Now I could make a page about my WordPress Tutorials, and link to each one. It would be tedious to have to make changes every time I write a new one.

OR… I could target the broad term using my WordPress category. There are many tutorials I have – so it would make sense to add content to this page and then try to get it to rank for different versions of “wordpress tutorials.” Search Console allows you to track and explore this keyword data.

You’re convinced to spend time on building your category and tag pages. These pages are useless by default. This is how you add your incredible content to each page.

How to Add Content to Category and Tag Pages

Spend some time creating content for your tags & categories pages before you start adding to them.

  • Spend some time organizing them, and making sure that they make sense.

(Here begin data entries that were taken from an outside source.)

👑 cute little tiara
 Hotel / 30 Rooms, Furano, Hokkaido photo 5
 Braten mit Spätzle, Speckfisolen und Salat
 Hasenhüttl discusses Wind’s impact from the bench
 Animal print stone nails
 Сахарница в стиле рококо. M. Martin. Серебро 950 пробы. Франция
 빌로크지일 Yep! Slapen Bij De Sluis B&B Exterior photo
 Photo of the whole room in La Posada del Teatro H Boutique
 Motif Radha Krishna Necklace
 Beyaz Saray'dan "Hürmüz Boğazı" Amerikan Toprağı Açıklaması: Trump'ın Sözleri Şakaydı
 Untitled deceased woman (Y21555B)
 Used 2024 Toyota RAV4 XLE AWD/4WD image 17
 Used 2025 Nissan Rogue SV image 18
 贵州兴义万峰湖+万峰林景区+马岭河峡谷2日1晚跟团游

It is easy to add tags and categories randomly, which can cause confusion for everyone.
  • You can choose to do tags, categories, or both. Or you can do individual categories. Do not feel overwhelmed that you must do it all at once.

Allow Displaying Content on Category and Tag Pages

There are many ways to do this. Here are my top picks in order of simplicity.

Option 1: Via Theme Setting

Many themes let you enable archive page content within their settings or have it included by default. This is possible with the Genesis theme framework by StudioPress.

Before you do anything, make sure to check your theme settings. You can also go to Posts->Categories->Edit and add content.

Protip: WordPress comes with a description field, which some themes use to pull on-page content. Save it, then check to see if there is anything on your category page.

This setting is available in many themes. To check if you can add content to the Category page, go through your theme settings before installing a plugin.

Option 2: Via plugin

WordPress plugins are easy to install. WP Custom Categories Pages are lightweight and simple to use. It can be found under Plugins->Install. Once you have installed it, you can access the category you wish to edit, then enable the content drop-down, and then enter your content into the box.

Option 3: Via Category.

If you’re not afraid to mess with PHP (and you don’t have to know PHP, you can skip this option). You can also add a line or two to your archive.php file to allow content to be entered in the default description.

Additional tips and tricks for PHP can be found at WPMUdev.

Write Unique Content

You can now navigate to Posts->Categories or Tags. Select a category or tag and look for the content box. Provide unique content that provides an overview of the page. To see how it looks in my theme, check out my SEO Category.

Yoast SEO is a great tool to optimize your website

Next, make sure you have WordPress Optimization by Yoast and set up. In my Yoast tutorial I suggested hiding the meta box, and making sure to check the NOINDEX, FOOL box under Titles & Metas -> taxonomy settings, since tag and category pages are thin by default.

Once they have been verified as useful and relevant, you can uncheck the meta box so search engines can index the page and serve it up for relevant searches. Unhide the meta box to allow you to go back and edit a specific category/tag and create a unique tag or unique description.

Next steps

Your website visitors, search engines and new visitors who find your site through search are all better off if you have a category and tag page.

Begin by looking at all your tags and categories. You can organize them around the topics you write about regularly, and then see if you have any opportunities to make any tag or category pages into archives.

Next, enable content using your theme, plugin or editing the PHP. Add descriptive, unique content to your WordPress SEO page by Yoast.